Prepare-se para uma jornada profunda e, por que não, divertida pelo universo do Direito Empresarial Contemporâneo, coordenado por ninguém menos que o mestre Danilo Borges Araujo e, claro, com contribuições do sábio Tulio Ascarelli. Com suas 120 páginas recheadas de conceitos e reflexões quentes do século XXI, a obra promete desmistificar esse campo do direito que muitas vezes parece mais complicado do que compor uma música de sertanejo universitário.
Neste livro, os autores exploram as nuances do direito empresarial no contexto atual, onde as empresas não são mais aquelas que viam nossos tataravôs, e sim verdadeiros monstros corporativos que vivem em constante transformação. Em um mundo onde as start-ups estão para os negócios como o ar está para a vida, compreender os fundamentos legais que regem essas entidades é mais importante do que saber quantos likes você terá na sua última selfie.
O texto é dividido em seções que tratam de tópicos como a função social da empresa (ou como fazer o bem sem olhar a quem, mas com lucro), a legislação mais recente e as novidades que aparecem mais rápido do que meme viral. Aqui, a proposta é discutir como adaptar o direito a esse mar revolto de inovações e mudanças do mercado. Afinal, se você não estiver atualizado, pode acabar tão fora de moda quanto um flip phone.
Além disso, temos uma análise do Direito Societário, que é como se fosse a cartilha de um clube da bolinha dos empresários. A parte mais interessante? O livro ainda destaca a importância da responsabilidade social nas empresas, evidenciando que, sim, dá pra fazer dinheiro e ser legal ao mesmo tempo. Spoiler alert: não vale só doar para a causa, tem que fazer valer na prática!
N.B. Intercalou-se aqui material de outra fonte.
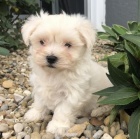 Prod�m malt�zsk� �t��ata.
E como um bom livro contemporâneo que se preze, Direito Empresarial Contemporâneo também nos brinda com discussões sobre as novas tecnologias, como a inteligência artificial e o impacto da digitalização nos negócios. Agora você pode se perguntar: "Como é que isso se relaciona com o direito?" Ah, meu amigo, sem esses trunfos, sua empresa pode muito bem transformar-se em uma lembrança do passado.
Nos capítulos finais, a obra ainda trata das mudanças nas relações de trabalho, questionando o que é ser empregado em tempos de Uber e freelancers fazendo a festa. Aqui, a única coisa certa é a flexibilidade e, claro, a busca pela felicidade no trabalho (e na vida).
Portanto, se você está disposto a compreender o labirinto do Direito Empresarial no século XXI e não se importa de ser bombardeado por conceitos, jargões e algumas pitadas de humor, essa leitura vai abrir sua mente mais do que aquele cafézinho da manhã. Então, prepare-se para entender como a lei e os negócios podem dançar juntos sem pisar no pé um do outro!
É isso. Direito Empresarial não é apenas a bibliófila criada por Salomão: aqui, tudo é muito real, e você quer estar bem na fita!